TAP, comme Terry Agullo Ponce. L’homme qui rachète les entreprises à la barre des tribunaux pour construire son Groupe. Spécialisé dans les équipements et services pour la supply chain, TAP maille le territoire pour déployer sa stratégie avec un mix entre croissance organique par la création de sites et croissance externe.

« C’est une entreprise familiale, je l’ai créée de zéro, je viens de la cité. J’ai racheté ma première entreprise à la barre du tribunal en 1996. » Il en est de même pour sa dernière acquisition fin février, Oxytemps 10 à la Chapelle-Saint-Luc. La 20e entreprise du Groupe qu’il vient d’intégrer après quatre ans de recherche et accompagné par Business Sud Champagne.

Avec Oxytemps, TAP se dote d’une 8e unité de production proche de son savoir-faire avec la maîtrise de l’oxycoupage, de la découpe laser et de la mécano-soudure. TAP préserve ainsi 24 emplois et devrait recruter des soudeurs et des peintres. Avec 4 M€ d’investissement envisagés sur le site pour le moderniser et le restructurer, TAP prévoit un effectif de 60 personnes dans deux ans. Jérôme Labrousse, dirigeant du site Mathiaut (Dijon), prend la direction de la nouvelle usine soutenue par la holding de 47 personnes de fonctions support qui structure et harmonise les process aux pratiques du Groupe.

4 métiers pour un service global

L’entreprise s’organise autour de quatre métiers. Avec d’abord l’aménagement et l’agencement d’entrepôts des usines, des magasins avec des produits comme les rayonnages, des gondoles, des caisses de quai pour les surfaces de vente ou de stockage. La deuxième activité, l’emballage, permet d’assurer la gestion des flux entre le fabricant, l’entrepôt, les magasins avec des caisses, par exemple pour l’aéronautique, l’automobile, la collecte des déchets. La vente sur catalogue et la vente en ligne composent le troisième département. Travaillant avec 80 % de produits de négoce, TAP trouve sa force dans les 20 % fabriqués dans ses usines avec du spécifique, du sur mesure maîtrisé techniquement et fabriqué.

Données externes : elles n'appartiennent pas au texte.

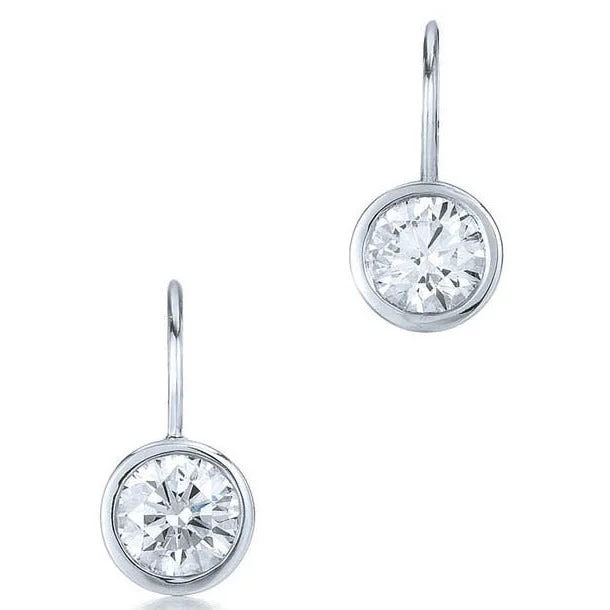 women’s trendy earrings-Classic Diamond Eurowire Earrings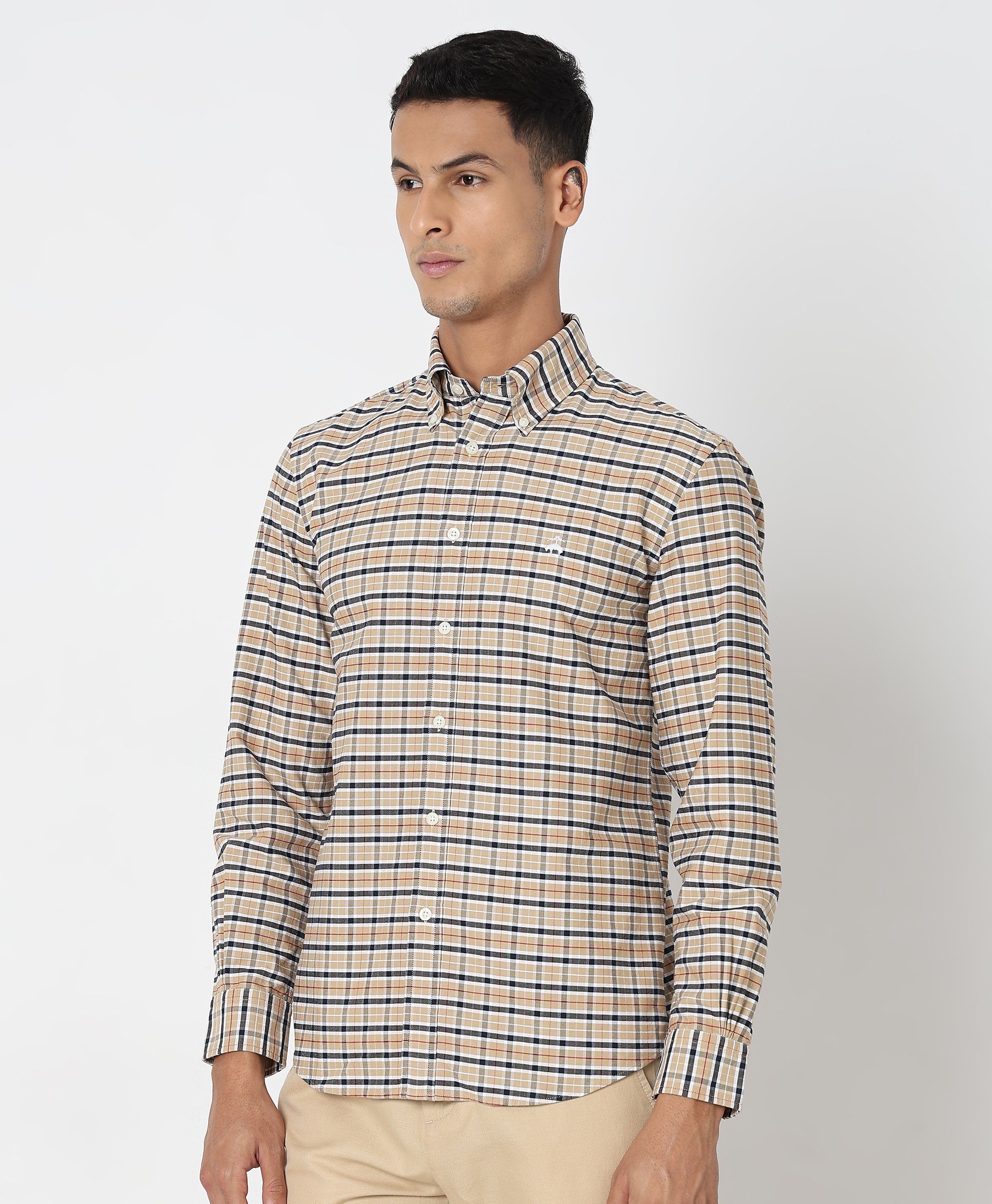 Brooks Brothers | Regular fitted Oxford Checked Sports Shirts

« Nous avons 25 ingénieurs dans nos bureaux d’études. C’est un avantage, car les entreprises souhaitent rationaliser leurs fournisseurs. Avec nous, elles les centralisent. En distribution, nous avons aussi racheté l’entreprise Manusec qui vend des produits standards pour les hôtels du monde entier. Cela nous a permis de nous diversifier. Cette activité se positionne en lien avec notre quatrième métier puisque nous avons repris une entreprise de transport et de logistique. Nous sommes hyper performants en termes de supply chain. Savoir fabriquer, c’est bien, mais il faut savoir livrer rapidement. »

La location d’équipement, nouveau modèle éco responsable

Terry Agullo Ponce veut révolutionner l’industrie et proposer de la location de bennes ou de matériel. « Nous voulons produire des produits éco conçus adaptés à chaque filière. Si vous collectez du carton, la benne sera plus légère qu’une benne qui reçoit de la ferraille. Donc nous proposerons une multitude de références que nous pourrons personnaliser à la demande du client et nous les centraliserons. » Une mutualisation qui vise à rationaliser la production dans une démarche RSE de réduction de l’impact carbone et d’augmentation de la durée de vie des produits.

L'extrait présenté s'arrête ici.